→ Data
****************************************

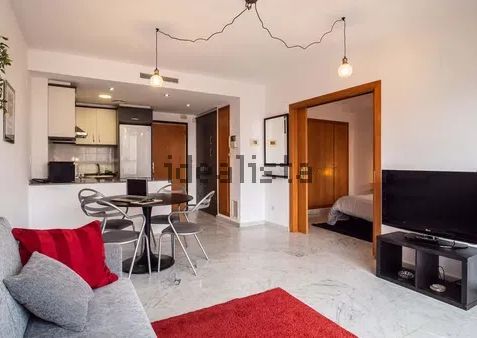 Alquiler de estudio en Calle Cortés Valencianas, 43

****************************************

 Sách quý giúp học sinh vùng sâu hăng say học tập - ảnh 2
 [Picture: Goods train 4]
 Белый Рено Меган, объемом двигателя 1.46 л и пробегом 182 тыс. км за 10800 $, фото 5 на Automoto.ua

****************************************

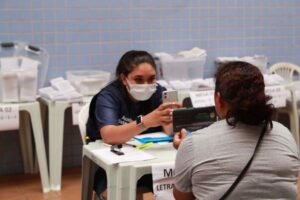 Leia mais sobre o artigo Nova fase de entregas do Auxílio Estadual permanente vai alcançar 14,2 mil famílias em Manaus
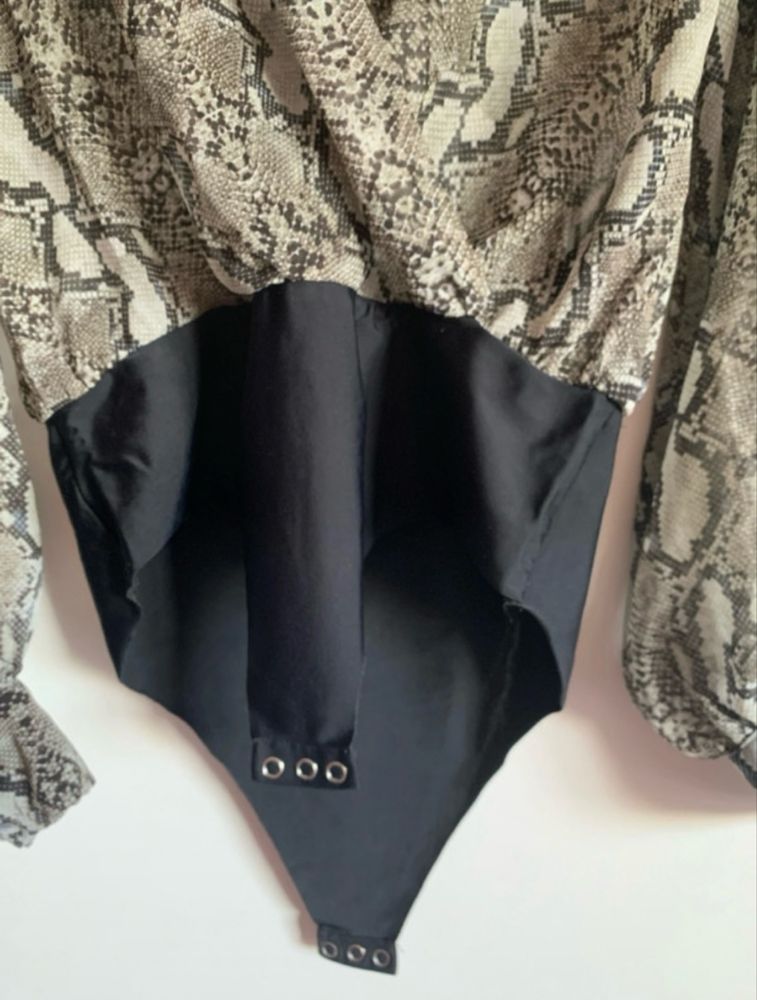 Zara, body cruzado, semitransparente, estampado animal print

****************************************

→ Problem statement
Take the entries above and return only the lines from the one with "Sách quý giúp" to the one with "Белый Рено Меган, объемом", both included, unchanged.

→ Task response
 Sách quý giúp học sinh vùng sâu hăng say học tập - ảnh 2
 [Picture: Goods train 4]
 Белый Рено Меган, объемом двигателя 1.46 л и пробегом 182 тыс. км за 10800 $, фото 5 на Automoto.ua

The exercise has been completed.